In [12]:
import pandas as pd

# If your data is S3, you can download from the public url to your data. 
# You need to make sure that you set the permissions for the file in S3 to be downloadable by everyone. 
# I usually have a small copy of the data for development that I use before switching to the full dataset. 

#url = "https://s3-ap-southeast-1.amazonaws.com/bigdatasg/colors_100000K.csv"
#url = "https://s3-ap-southeast-1.amazonaws.com/bigdatasg/colors_10000K.csv"
#url = "https://s3-ap-southeast-1.amazonaws.com/bigdatasg/colors_1000K.csv"
url = "https://s3-ap-southeast-1.amazonaws.com/bigdatasg/colors_100K.csv"
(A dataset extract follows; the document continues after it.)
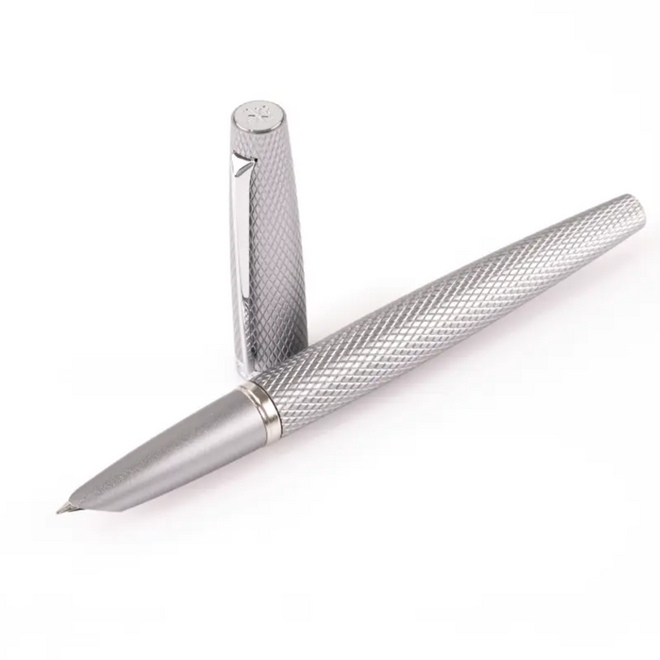 Diplomat Viper Guilloche Fountain Pen - Silver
# You can start by just loading a few rows from your small data file to ensure everything is working properly.
# However, this approach may still try to download all of the data locally before reading in the first 20 lines. 

numRows = 20
df = pd.read_csv(url, nrows=numRows)
df.head()


Unnamed: 0,orange,9
0,red,4
1,green,0
2,green,9
3,green,4
4,red,8


In [13]:
"""
One of the easiest ways to copy data locally into your notebook while still seeing some 
feedback on the download process is to use the wget command. 
You can use linux commands from your notebook by putting a ! in front of them. 
"""

!wget https://s3-ap-southeast-1.amazonaws.com/bigdatasg/colors_100K.csv
        

--2015-11-13 12:05:54--  https://s3-ap-southeast-1.amazonaws.com/bigdatasg/colors_100K.csv
Resolving s3-ap-southeast-1.amazonaws.com... 54.231.241.138
Connecting to s3-ap-southeast-1.amazonaws.com|54.231.241.138|:443... connected.
HTTP request sent, awaiting response... 200 OK
Length: 799940 (781K) [application/octet-stream]
Saving to: `colors_100K.csv.1'


2015-11-13 12:06:01 (132 KB/s) - `colors_100K.csv.1' saved [799940/799940]



In [14]:
"""
Once you've downloading the file to your Jupyter server, you can load the data locally rather than from the url. 

"""
localfile = "colors_100K.csv"
numRows = 20
df = pd.read_csv(localfile, nrows=numRows)
df.head()


Unnamed: 0,orange,9
0,red,4
1,green,0
2,green,9
3,green,4
4,red,8


In [15]:
"""
If you are interested in how many rows there are in your data, you could read through each row of the file
without saving the data in to memory. Here is a quick way to do that. 
"""
myfile = open( localfile )
count = 0
for line in myfile:
   count += 1
print("There were {} lines in the file.".format(count))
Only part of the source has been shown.